In theory, gutters carved into the concrete slope should catch any spills before they reach the sea. But the system only works if the drains are properly dug and maintained, liquids collected and treated adequately. Dry docks, a far more sustainable ship dismantling option where ships are lifted entirely out of the water before cutting, have never been established in Aliağa because they require significant investment and slow down the process, according to Ergör, the former shipyard inspector. After all, it is Aliağa’s fast turnover and low prices that make its yards appealing.
“Many things may have changed in ship dismantling, but one thing that hasn’t changed is the importance of time,” Ergör told Mongabay. “If you try to dismantle a large tonnage ship while ensuring worker health, safety and environmental health, it could take months.” Just properly scanning for asbestos contents can take weeks due to the ships’ sheer size, he said.
“A ship that can be dismantled in one year in the Netherlands can be dismantled in three months here because there are no precautions,” Ramis Sağlam, a local journalist for Evrensel, a daily newspaper with close ties to Türkiye’s Labour Party, told Mongabay. “The biggest problem is the lack of supervision, noncompliance with professional conditions and the fact that dangerous inventories are not brought to the forefront enough.”

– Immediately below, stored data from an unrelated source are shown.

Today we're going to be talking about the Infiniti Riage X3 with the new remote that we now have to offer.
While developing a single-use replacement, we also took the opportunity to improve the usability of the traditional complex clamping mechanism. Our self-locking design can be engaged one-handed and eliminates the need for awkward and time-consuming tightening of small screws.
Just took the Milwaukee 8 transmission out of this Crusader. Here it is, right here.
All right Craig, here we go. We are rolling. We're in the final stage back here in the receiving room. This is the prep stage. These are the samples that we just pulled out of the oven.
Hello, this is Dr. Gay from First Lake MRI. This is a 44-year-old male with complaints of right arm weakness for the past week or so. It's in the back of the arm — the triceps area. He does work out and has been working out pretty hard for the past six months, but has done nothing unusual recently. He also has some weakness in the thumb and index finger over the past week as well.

Aras, of Avşar Ship Recycling, said his shipyard uses inventory reports “to identify the hazardous and nonhazardous materials in the ship and where they are located.” Meanwhile, he said dry docks are currently not an option for Avşar due to limited space and the yard’s land being leased from a government agency until 2026.
“If the number of shipyards decreases and dry docks become necessary, we would want to own the land to justify the investment,” Aras said, adding that this would enable other environmentally friendly investments. “It’s our land, our sea and our people. No one cares more about our land, our sea, our air and our children than we do,” he said.

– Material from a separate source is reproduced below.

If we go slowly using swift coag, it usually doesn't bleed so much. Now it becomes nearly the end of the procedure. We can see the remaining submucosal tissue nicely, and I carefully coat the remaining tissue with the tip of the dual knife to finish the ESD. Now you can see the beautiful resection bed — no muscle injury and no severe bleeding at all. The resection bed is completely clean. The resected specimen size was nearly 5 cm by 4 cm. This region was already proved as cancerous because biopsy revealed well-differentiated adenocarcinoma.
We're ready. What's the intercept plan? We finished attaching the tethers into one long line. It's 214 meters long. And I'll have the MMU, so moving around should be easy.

On the EU side, “the commission recognizes that it is easier for yards operating with dry docks to ensure the protection of the coastal and marine environment against adverse impacts linked to ship recycling activities,” Jahnz said. “At the same time, it is also possible for yards using other methods to comply with the strict requirements under [the] Ship Recycling Regulation.”
Yet, many workers still pay a heavy price for shortcuts taken at Aliağa’s shipyards, one measured not in currency but in life expectancy. Most recently, on Aug. 31, shipyard worker İbrahim Karakaya inhaled gas coming out of a valve he had just opened while dismantling a Norwegian oil rig at a shipyard that had been removed from the EU accredited list in 2022. He died shortly after, survived by four colleagues who were taken to the hospital.
His sudden passing added to a long streak of fatal accidents at Aliağa’s shipyards. İSİG recorded 97 fatalities there between 2013 and 2022, a mortality rate it said was “30 times higher [than] the official worker mortality rate in Türkiye.”
“There are also problems in EU-approved yards in Aliağa because the current EU procedure for approval of ship recycling practices … fails to assess whether yards operate safely and environmentally sound comprehensively,” Sakin said. “Monitoring activities in Aliağa should be more strict and robust — domestically and during the EU inspections.”
Türkiye’s environment and labour ministries did not reply to Mongabay’s request for comment.